Plain definitions of the combustion and carbon-monoxide terms that come up across the gas modules.
Combustion has its own vocabulary, and the terms turn up across CCN1, CPA1, CKR1 and HTR1. These plain definitions are for revision; act on a calibrated analyser and the full procedure, not on definitions alone.
- Combustion: the chemical reaction of burning, where fuel gas combines with oxygen from the air and releases heat.
- Complete combustion: burning with enough air so the fuel is fully reacted, giving mainly carbon dioxide and water vapour and a clean, stable, mainly blue flame.
- Incomplete combustion: burning with too little air or poor mixing, which leaves unburnt products and can release carbon monoxide.
- Carbon monoxide (CO): a toxic gas produced by incomplete combustion that has no colour, taste or smell, which is why it is so dangerous.
- Carbon dioxide (CO2): a normal product of complete combustion, measured by the analyser and used alongside CO to judge combustion quality.
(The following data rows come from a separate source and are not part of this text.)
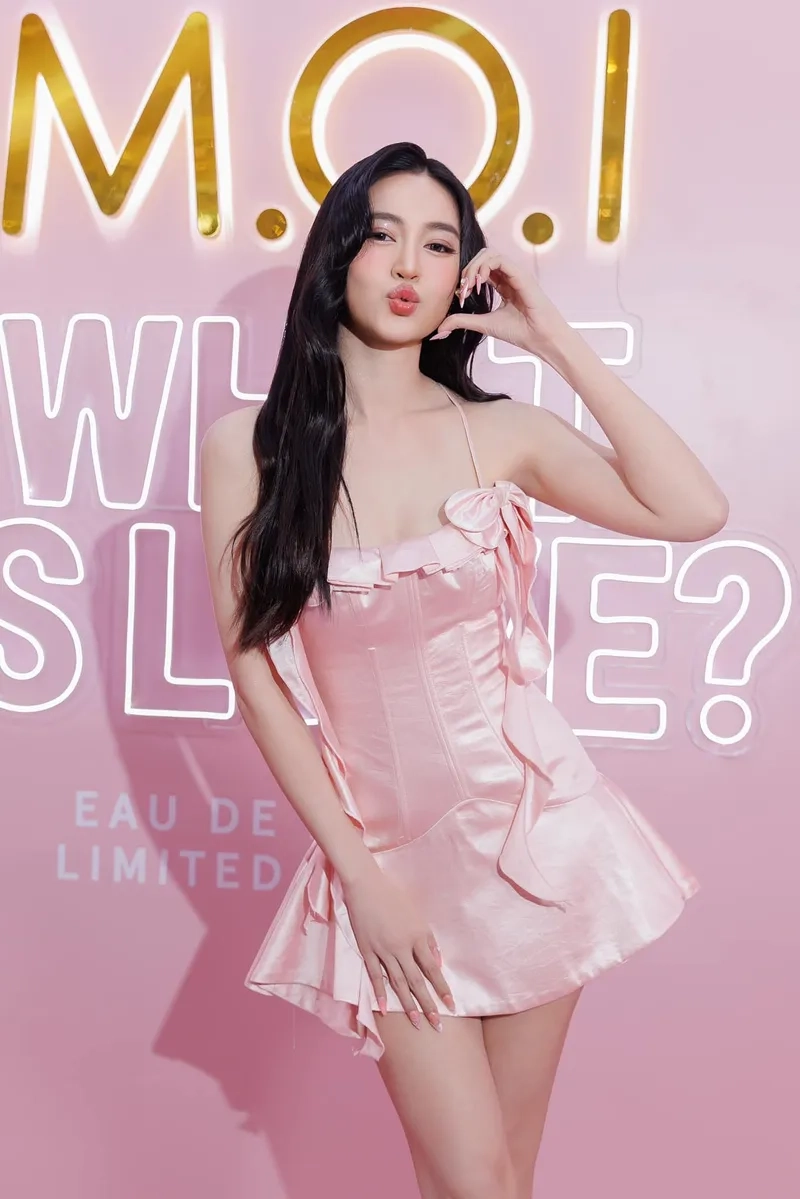 Bước nhảy hoàn vũ Ninh Dương Lan Ngọc và màn trình diễn bùng nổ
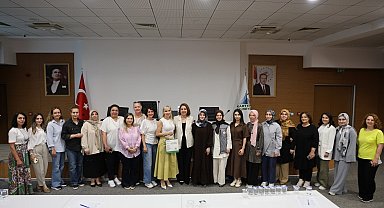 Kartepe'de belediye çalışanlarına stresle başa çıkma yöntemleri anlatıldı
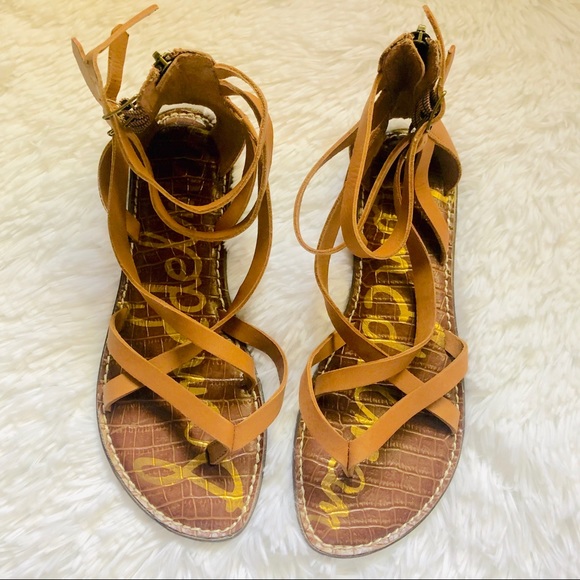 Sam Edelman Shoes - SAM EDELMAN • Strappy Buckle Gladiator Sandals • 9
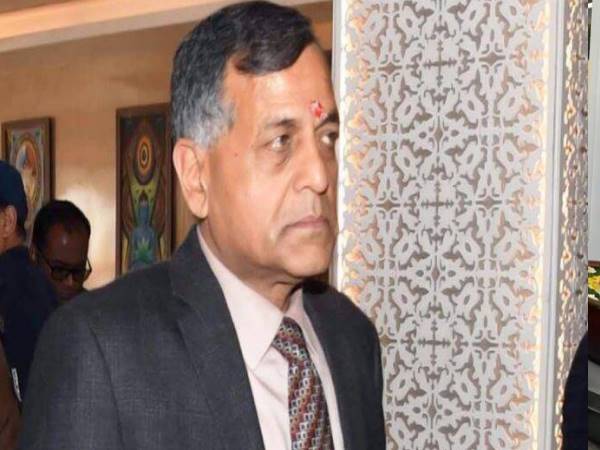 कमेटी में शामिल हैं अशोक लवासा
- Stoichiometric (ideal) ratio: the exact air-to-gas proportion that would, in theory, burn the fuel completely with no air left over.
- Excess air: the extra air supplied above the ideal amount to make sure combustion is complete in practice.
- Aeration: the air mixed with the gas at the burner before it burns; too little aeration tends towards yellow, sooty flames.
- Flame lift and light-back: faults where the flame lifts off the burner or burns back towards the injector, both signs the burner is not running as designed.
- Vitiation: the using-up of oxygen in the room air, which worsens combustion if fresh air is not supplied.
Keep these definitions handy when reading a flame or an analyser, and confirm any technical detail against the current combustion and carbon-monoxide guidance.